No doubt about it, the beginning of an enterprise is always more exciting than the middle. At the start, you don’t know the roadblocks and distractions lying in wait. You can’t predict the weariness and frustration that will set in, and you surely don’t expect fear to come creeping in the door. What if people think my work is sorry?
Over a year ago, I began putting together ideas for a book on teaching. Though geared towards community college teaching, the completed product was to include information applicable to other situations as well. I finished the manuscript several months ago, finished as in, I’m DONE. Truth is, the excitement of the beginning was over, and the anxiety about putting the work out into the world had set in.
If not now, then when?
Here’s a section on effective teachers.
It’s a guesstimate, but I’ve probably had nearly 200 teachers from first grade through graduate school, and I’ve had the privilege to work with dozens and dozens more. While most were effective, some were not. However, all the ones who reached the students had some of the same qualities. They had passion for their subject, personality traits that meshed with the profession, and the willingness to put in the preparation.
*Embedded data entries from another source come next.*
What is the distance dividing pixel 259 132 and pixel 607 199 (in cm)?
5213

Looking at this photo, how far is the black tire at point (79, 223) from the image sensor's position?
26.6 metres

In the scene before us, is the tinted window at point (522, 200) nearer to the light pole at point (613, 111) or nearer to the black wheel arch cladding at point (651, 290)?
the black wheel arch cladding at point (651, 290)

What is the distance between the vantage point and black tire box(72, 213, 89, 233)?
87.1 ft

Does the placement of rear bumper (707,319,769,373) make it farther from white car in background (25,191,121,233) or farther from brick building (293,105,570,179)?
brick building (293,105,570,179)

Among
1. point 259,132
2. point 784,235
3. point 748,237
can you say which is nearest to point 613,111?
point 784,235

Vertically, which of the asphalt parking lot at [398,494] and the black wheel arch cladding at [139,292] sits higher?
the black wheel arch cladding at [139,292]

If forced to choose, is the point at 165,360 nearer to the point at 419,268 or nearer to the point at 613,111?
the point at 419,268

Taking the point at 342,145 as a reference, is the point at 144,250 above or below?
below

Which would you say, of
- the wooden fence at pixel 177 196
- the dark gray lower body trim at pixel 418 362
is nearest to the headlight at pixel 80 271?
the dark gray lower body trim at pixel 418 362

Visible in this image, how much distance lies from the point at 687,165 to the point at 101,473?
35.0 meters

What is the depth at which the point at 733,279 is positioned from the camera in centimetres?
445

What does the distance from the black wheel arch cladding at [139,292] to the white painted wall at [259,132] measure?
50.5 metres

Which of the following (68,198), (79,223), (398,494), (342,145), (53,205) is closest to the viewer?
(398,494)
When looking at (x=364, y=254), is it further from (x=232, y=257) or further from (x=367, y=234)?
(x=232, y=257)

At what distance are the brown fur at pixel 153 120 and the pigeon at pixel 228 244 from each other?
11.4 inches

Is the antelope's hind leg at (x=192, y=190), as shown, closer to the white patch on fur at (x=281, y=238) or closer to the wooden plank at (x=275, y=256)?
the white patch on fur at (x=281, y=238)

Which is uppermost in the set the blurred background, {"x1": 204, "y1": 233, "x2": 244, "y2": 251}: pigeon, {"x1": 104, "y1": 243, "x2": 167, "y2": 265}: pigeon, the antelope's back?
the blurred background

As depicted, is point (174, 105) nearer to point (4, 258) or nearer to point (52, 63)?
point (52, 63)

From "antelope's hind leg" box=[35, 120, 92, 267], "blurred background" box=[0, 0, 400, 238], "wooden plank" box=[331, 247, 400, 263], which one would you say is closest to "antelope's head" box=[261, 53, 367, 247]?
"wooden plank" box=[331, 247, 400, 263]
This trio of passion, personality, and preparation is evident in every effective teacher I’ve observed or known. The awareness of the three P’s gelled with me as I listened and observed a Sunday school teacher with passion for her subject, an engaging personality, and hours of preparation behind her. While teaching adults who willingly attend class to learn more about the characters and messages of the Bible is different from teaching college students with outside challenges and responsibilities, there are some common characteristics.
In both instances, the students are seeking rewards of some kind. In Sunday school, people hope to gain knowledge to help them gain admission to the pearly gates. In a college classroom, students seek knowledge to help them get a good enough grade to complete the class. Completing enough classes merits a degree, and a degree paves the way to a desired career. There’s earthly pressure towards success in a college classroom and heavenly incentive towards gaining knowledge in a Sunday school class.
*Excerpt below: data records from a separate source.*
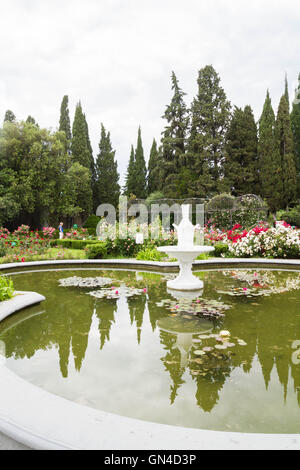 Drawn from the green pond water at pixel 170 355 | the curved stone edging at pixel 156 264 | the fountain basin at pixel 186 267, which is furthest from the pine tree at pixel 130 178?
the green pond water at pixel 170 355

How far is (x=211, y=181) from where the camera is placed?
73.9ft

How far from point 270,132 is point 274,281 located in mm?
19286

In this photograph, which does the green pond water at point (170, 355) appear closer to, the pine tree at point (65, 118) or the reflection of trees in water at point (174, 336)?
the reflection of trees in water at point (174, 336)

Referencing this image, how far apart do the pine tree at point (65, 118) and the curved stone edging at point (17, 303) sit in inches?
1044

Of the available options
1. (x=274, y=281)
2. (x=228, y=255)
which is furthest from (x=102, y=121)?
(x=274, y=281)

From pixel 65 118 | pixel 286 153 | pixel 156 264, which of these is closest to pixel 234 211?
pixel 156 264

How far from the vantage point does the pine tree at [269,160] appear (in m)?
22.3

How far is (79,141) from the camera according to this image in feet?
92.1

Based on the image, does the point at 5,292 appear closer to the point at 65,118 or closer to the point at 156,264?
the point at 156,264

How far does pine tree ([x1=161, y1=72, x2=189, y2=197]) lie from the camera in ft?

Examining the three components of the successful teacher trio will help you recognize them as they show up again and again throughout the book:
Personality. The teacher after whom I’m basing this trio of traits is energetic. She moves around, as she talks and listens, not in a distracting way, but in a manner that commands attention. She looks at her students and reads their faces. That way she can tell who wants to comment or who might have something to offer. She’s encouraging and positive and pleasant. “Speak up,” she says. “This is not a solo deal.” While she doesn’t have a smile plastered on her face throughout the lesson, Ms. X is far from dour or dispirited.
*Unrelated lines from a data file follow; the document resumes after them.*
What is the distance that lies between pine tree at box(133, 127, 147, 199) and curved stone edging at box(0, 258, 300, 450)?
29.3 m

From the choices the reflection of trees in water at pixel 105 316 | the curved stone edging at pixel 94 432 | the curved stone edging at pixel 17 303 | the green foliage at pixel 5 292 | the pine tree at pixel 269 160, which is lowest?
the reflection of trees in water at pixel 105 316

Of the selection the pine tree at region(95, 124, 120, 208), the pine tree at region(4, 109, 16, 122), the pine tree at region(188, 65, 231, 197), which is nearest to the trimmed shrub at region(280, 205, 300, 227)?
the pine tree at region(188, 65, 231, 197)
Passion. While we all might feel passionate about a particular interest, vocation, or pastime, in this case I’m referring to passion for the subject at hand and the desire to impart its value to others. “I just love this part,” Ms. X will often say. “Did you read it? What did you think?” When someone remarks, she always acknowledges the comment with an affirming nod or verbal expression such as, “I noticed that too! Don’t you love it?”
Preparation. I’ve been in classes where the teacher might as well have come in and said,“Wassup?” or “What do y’all want to talk about today?” That has never happened in this Sunday school class, and I doubt that it ever will. Ms. X’s hours of diligent study and thoughtful reflection are evident in each class. If she forgets something or gets the characters in a story confused with those of another, she admits it willingly and within seconds, she has located the passage she was referring to.
Community college teachers need the three P’s too. Personality counts. So is passion. But neither of them is sufficient without the necessary preparation. Students can be forgiving, but if a teacher repeatedly fails to deliver, everyone suffers.
I’m beginning to think I can do this thing.